Their claims were not criticisms the actual statistical methods that the collaboration used to claim detection of a GW.
They were based on misinterpreting a single portion of a plot which was not intended to, and did not, present a statistical case for detection.
So, indeed they uncovered a minor, and easily fixable, problem with this one plot, but the detection claim was fully independent of the plot anyway.
In fact the LHC showed us the desert of the real!
https://en.wikipedia.org/wiki/Desert_(particle_physics)#Evidence
It feels like the 90s science wars are here again! (And yes, I noticed the title...)
The technical descriptions here are a little bit beyond my paygrade and I truly don't have any strong professional opinions about null-hypothesis testing beyond what I read about the debates between experts (like this one!). But I think you were right to stick to your defense of the "[The Higgs Boson] has zero bearing on my existence" statement but wrong to say that this was about alternative confirmations (which puts the argument squarely back into epistemological territory).
Your original post's wording was "no bearing outside the insular world of particle physics" (which was perfect) and the way I would rephrase your point is that *"there are zero policy implications to the discovery of the Higgs Boson"* (beyond maybe the fact that the LIGO physicists might get another billion dollars for research, which is a drop in the bucket and I'm fine with it). Cranmer pretty much admits this because he alludes to how these particles are key components of atoms, etc. etc. -- all fine by me but again, zero policy implications.
I think the "policy implications" takes it back to our discussion of Sarewitz. What Sarewitz would say however is that if the Higgs-Boson had *any* policy implications, the nature of the bureaucracy the physicists would have had to erect would have been different; they would probably still have confirmed the Higgs Boson but it would have occurred through a different process and I suspect that this would have also shaped the statistical techniques they would have used as well (and I would have tried to produce an example here but can't think of anything right now).
I happen to think that bureaucracies are one of the most important things human beings ever invented and physicists should be proud of the collaborative structures they have created for consensus building just as programmers and computer scientists should be proud of the governance structures they have created for open-source! (Open-source communities used to be free-wheeling groups of people whose growth turned them into very sophisticated bureaucracies that managed to reach consensus.) All bureaucracies and probably our biggest achievement as the human race!
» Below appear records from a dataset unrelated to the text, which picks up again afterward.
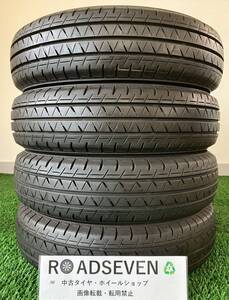 ★165/80R13 90/88N LT 4本Set 2020年製 ヨコハマ YOKOHAMA BluEarth-Van RY55 溝約6.5mm以上 夏 サマー 中古 ★プロボックス ★送料無料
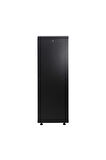 Canovate 42U 800x1100mm 19'' Dikili Tip Network Rack Kabinet Siyah 2 Yıl Üretici Garantili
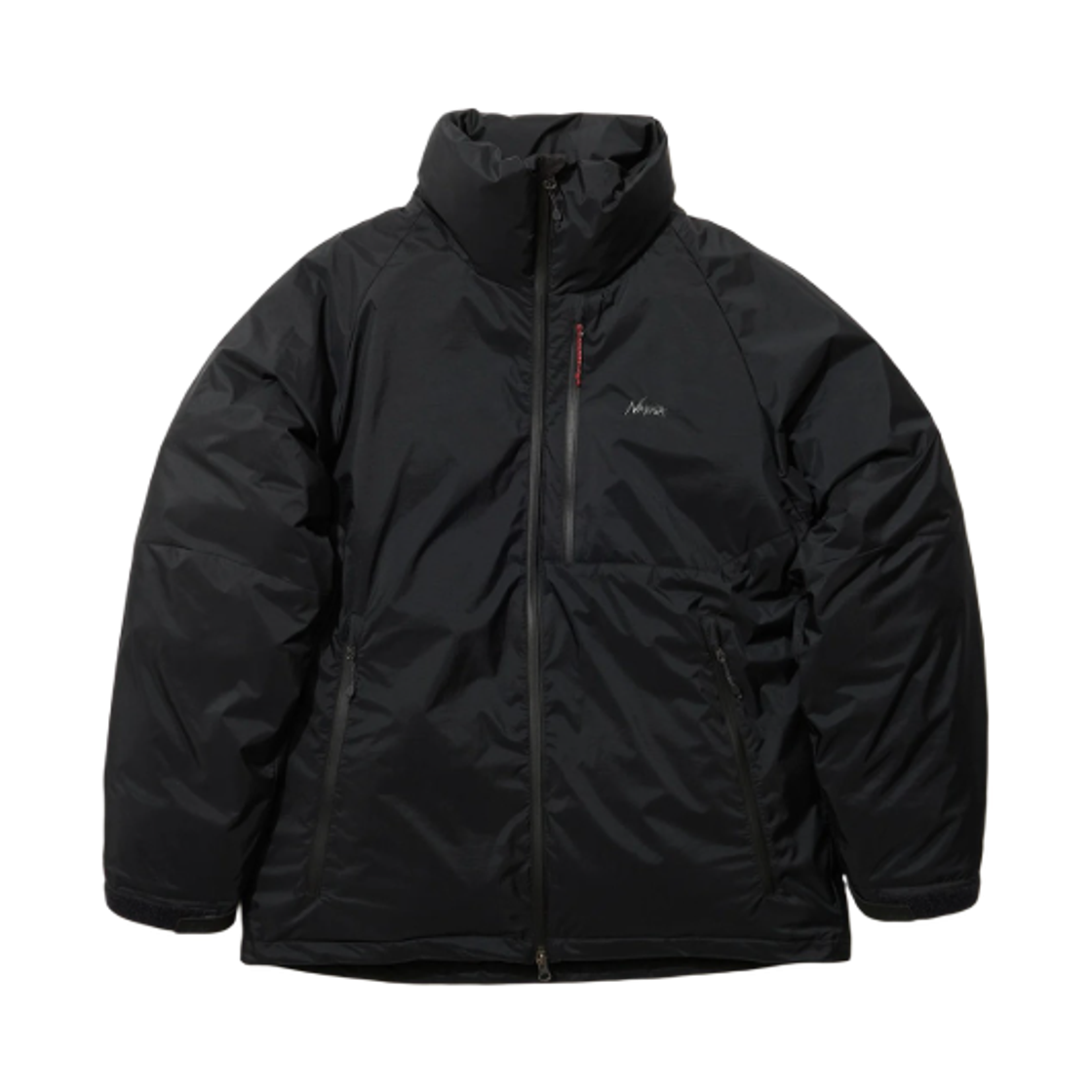 - Nanga Aurora Tex Stand Collar Down Jacket Black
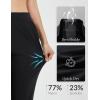 imagebaleaf Womens 26quot29quot Work Pants Stretchy Golf Lightweight Stretch Flare Dress Pant Pockets Bussiness UPF 5026inblack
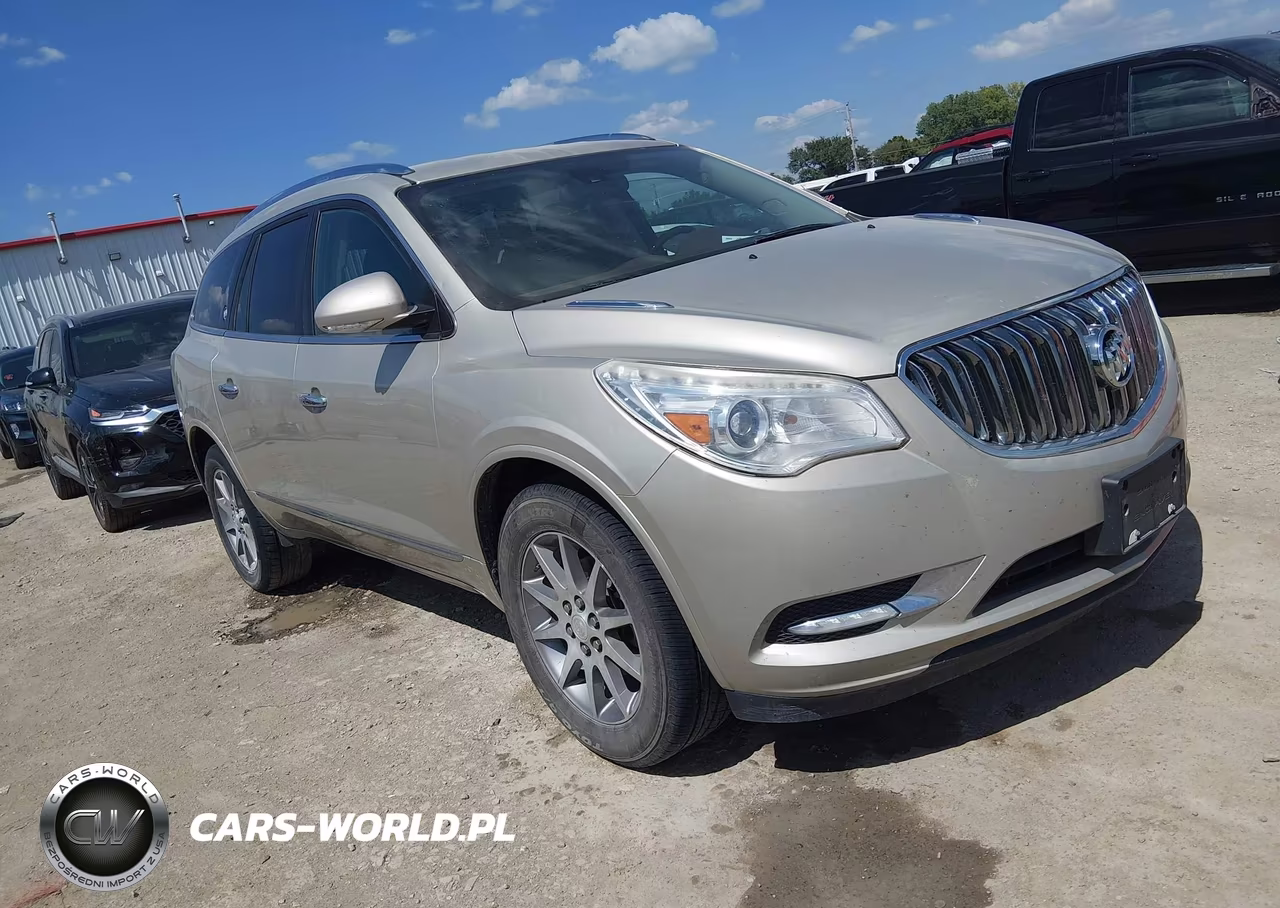 2014 Buick Enclave Leather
We should be very proud of them while, of course, trying to keep tweaking them for various purposes.
“The Shape of Stats to Come” Can I scream?
One could, if one wanted to, make a Cartwrightian case for the reality of the Higgs boson in terms of the regularities the Standard Model predicts as a consequence of the Higgs mechanism. (Nancy Cartwright accepts the reality of regularities but not the universality of laws.) I would go even further and say that the same logic would apply to other kinds of symmetry breaking. Of course, that would all depend on whether one would be willing to accept all the steps in the corresponding causal derivation chains.
I only occasionally read your blog, so I wanted to drop in say that I really appreciated this follow-up. I couldn't quite make out your specific argument through the irreverence in the first one, but I feel I grasp it well now.
I take this sentence to be the key argument: "The compelling evidence of the Higgs is the consensus, not the statistics."
But I wonder, could you make that argument about any scientific statement? If you aren't an expert in a given subfield, aren't you always going to rely on the consensus of the experts? It seems to me like the only difference here is that the scale and complexity of the Higgs discovery creates more ambiguity that needs to be resolved.
But in that case, why wouldn't you still say that statistics was a major driver in the discovery? Why would consensus/bureaucracy be mutually exclusive with "statistics"?